### Description of the task
Restate word for word the section of the entries that opens at the line containing "Young Asian woman" and closes at the line containing "Euro money with calculator and credit card", both lines kept, pictures dropped.

### Data to examine
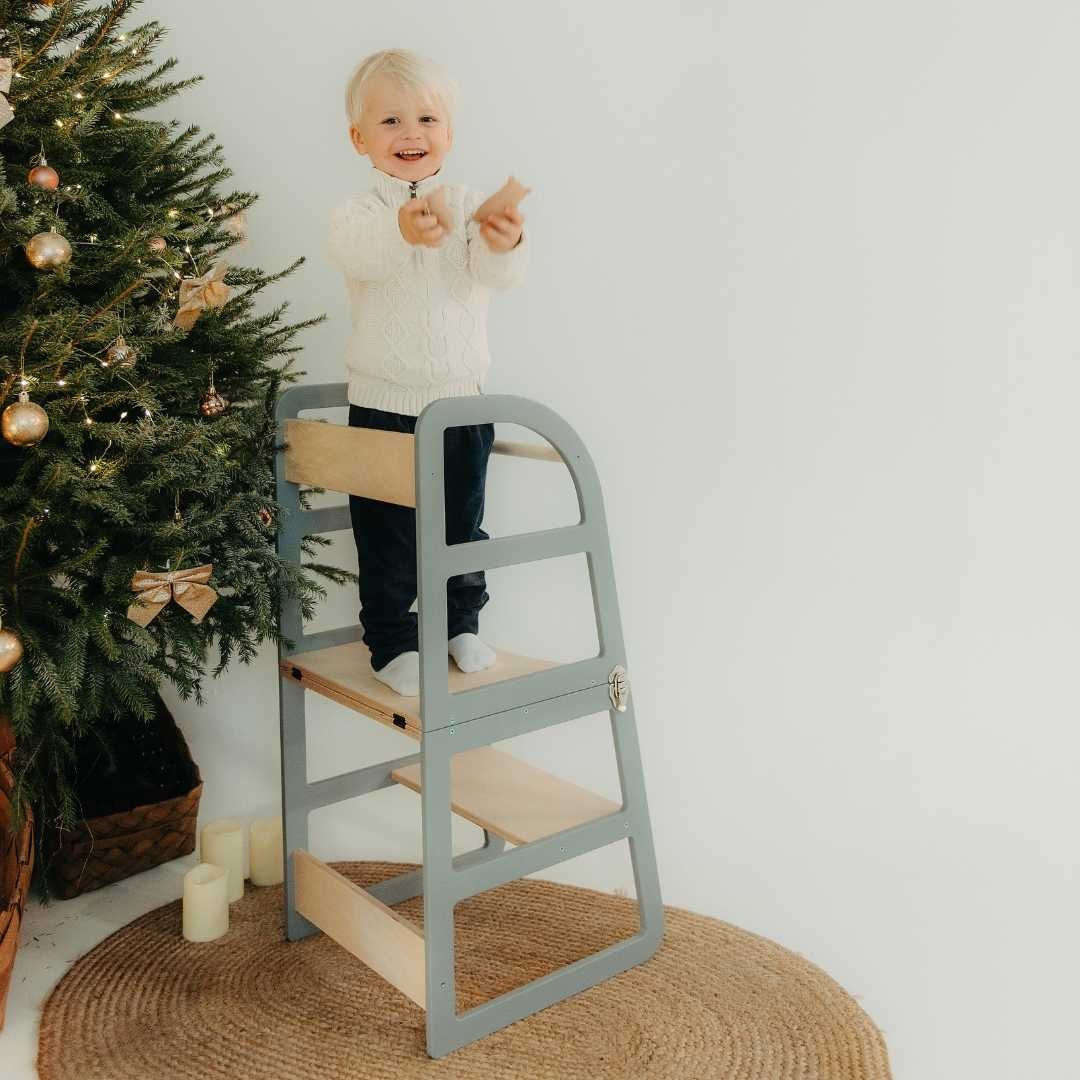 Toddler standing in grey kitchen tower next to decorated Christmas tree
...
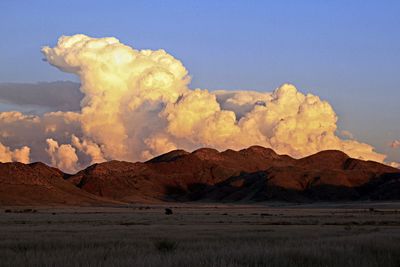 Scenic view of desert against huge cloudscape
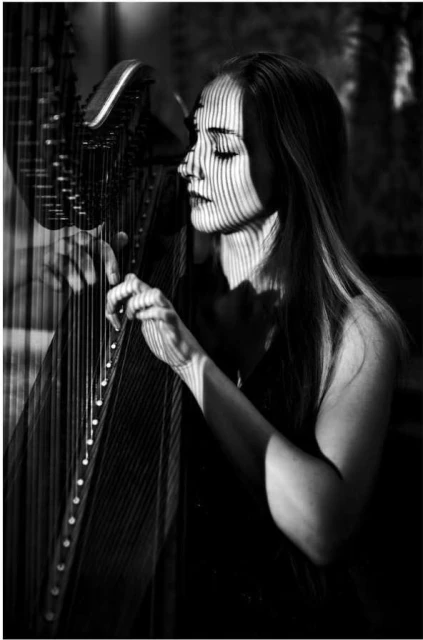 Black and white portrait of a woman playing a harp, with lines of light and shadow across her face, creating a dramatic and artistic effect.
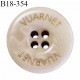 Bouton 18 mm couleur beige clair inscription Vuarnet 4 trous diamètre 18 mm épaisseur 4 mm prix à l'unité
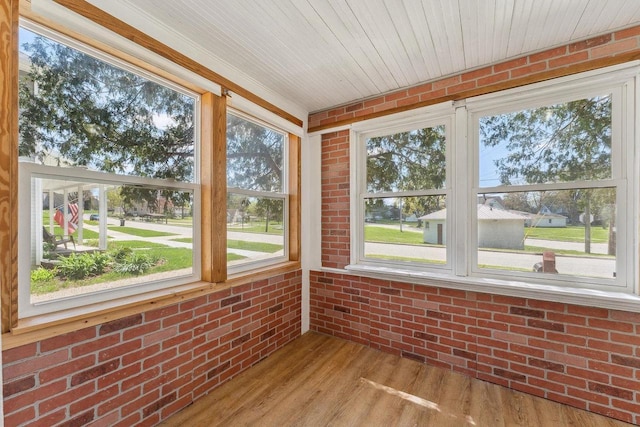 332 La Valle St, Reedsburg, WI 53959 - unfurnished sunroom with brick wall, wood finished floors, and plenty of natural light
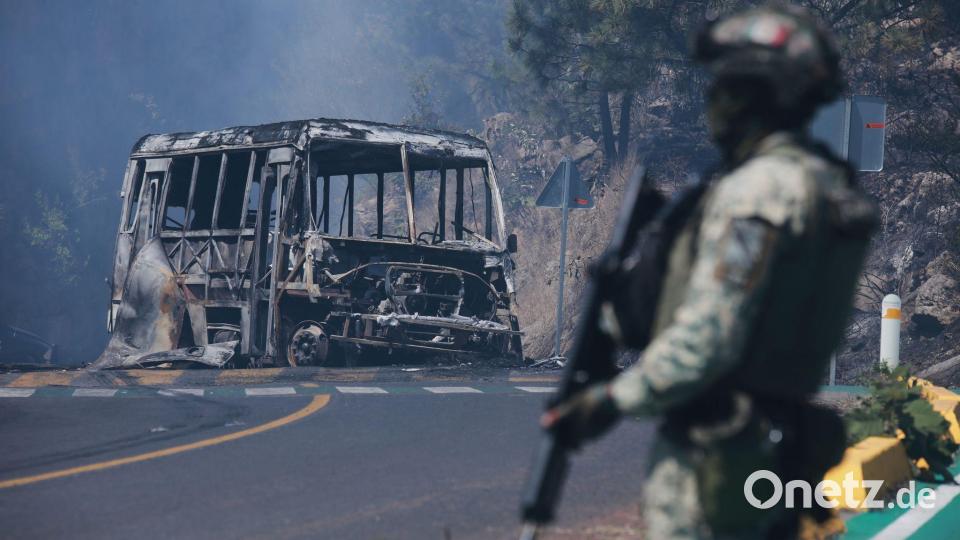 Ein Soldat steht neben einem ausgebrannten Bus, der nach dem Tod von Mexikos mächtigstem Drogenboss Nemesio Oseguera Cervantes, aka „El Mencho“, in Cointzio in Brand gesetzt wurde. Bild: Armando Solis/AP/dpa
---
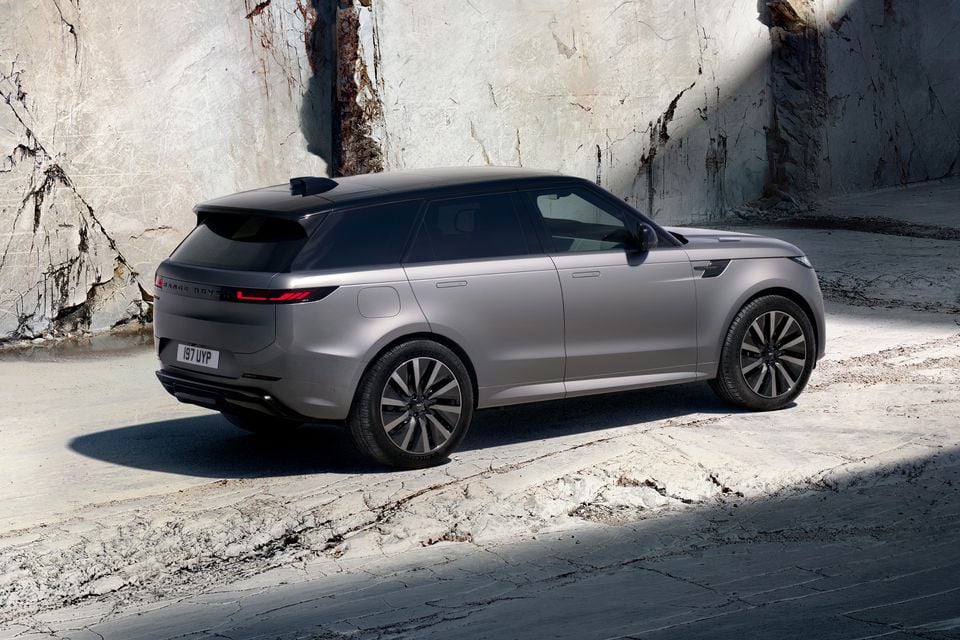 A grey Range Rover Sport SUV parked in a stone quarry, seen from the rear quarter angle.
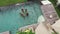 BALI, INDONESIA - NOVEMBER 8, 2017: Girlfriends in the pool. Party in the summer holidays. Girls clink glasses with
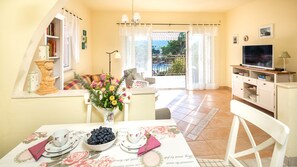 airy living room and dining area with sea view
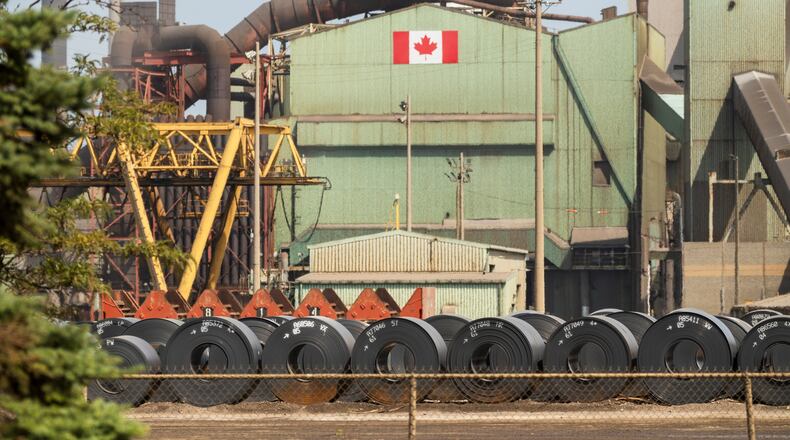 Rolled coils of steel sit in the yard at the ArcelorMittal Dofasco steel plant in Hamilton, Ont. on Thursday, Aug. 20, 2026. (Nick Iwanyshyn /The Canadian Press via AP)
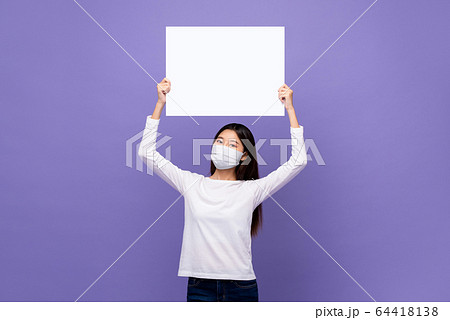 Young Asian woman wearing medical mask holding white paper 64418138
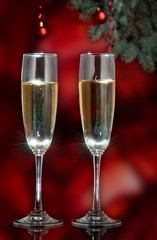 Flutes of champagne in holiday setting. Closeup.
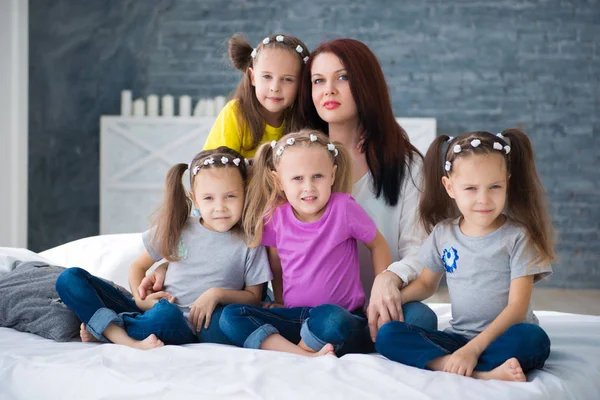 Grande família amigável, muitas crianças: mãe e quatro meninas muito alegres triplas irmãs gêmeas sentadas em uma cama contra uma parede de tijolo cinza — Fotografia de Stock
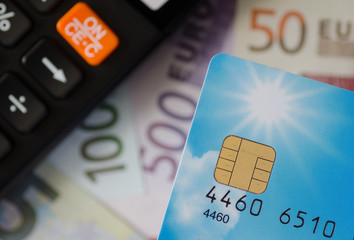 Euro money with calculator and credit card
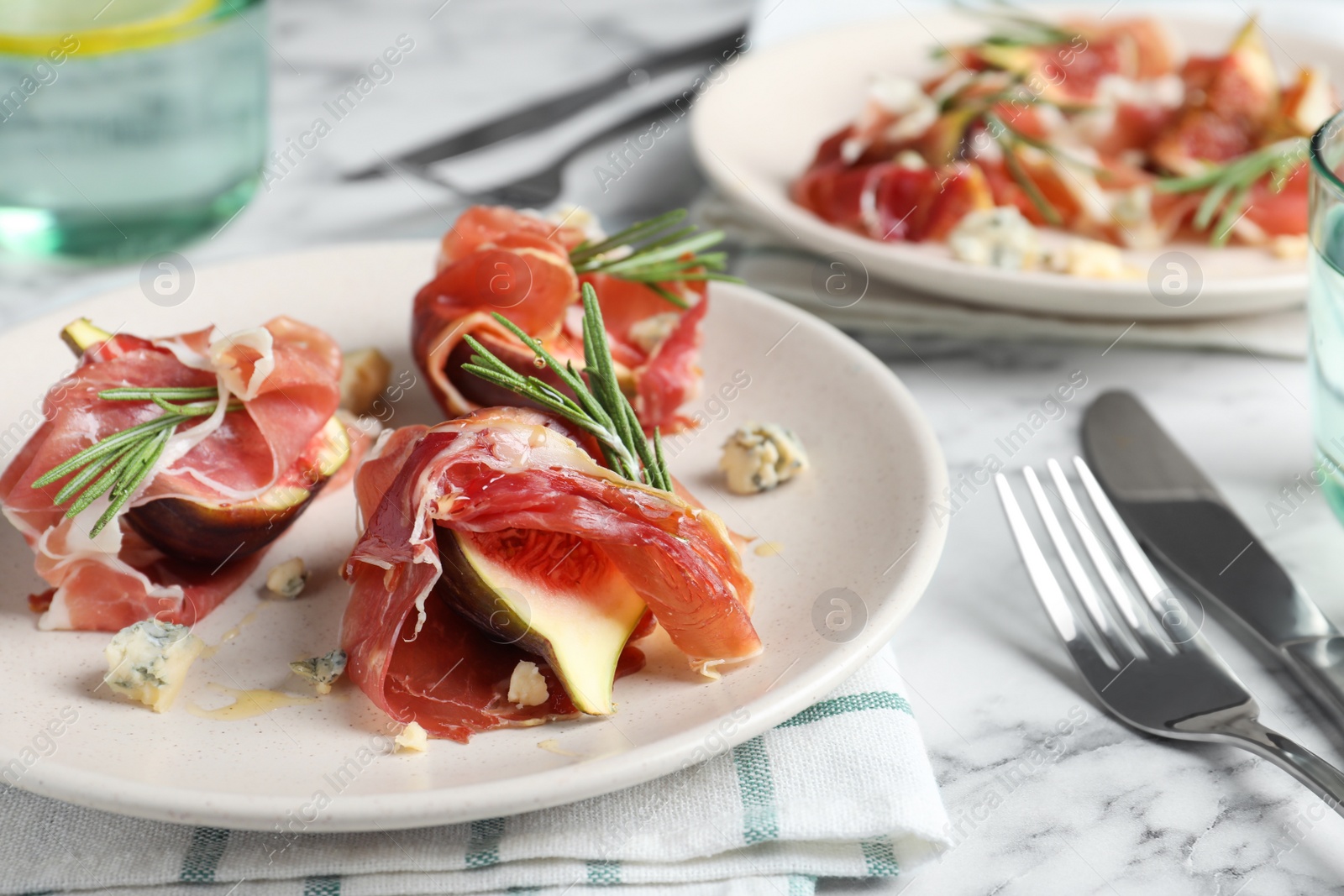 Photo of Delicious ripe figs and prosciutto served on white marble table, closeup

### Solution
 Young Asian woman wearing medical mask holding white paper 64418138
 Flutes of champagne in holiday setting. Closeup.
 Grande família amigável, muitas crianças: mãe e quatro meninas muito alegres triplas irmãs gêmeas sentadas em uma cama contra uma parede de tijolo cinza — Fotografia de Stock
 Euro money with calculator and credit card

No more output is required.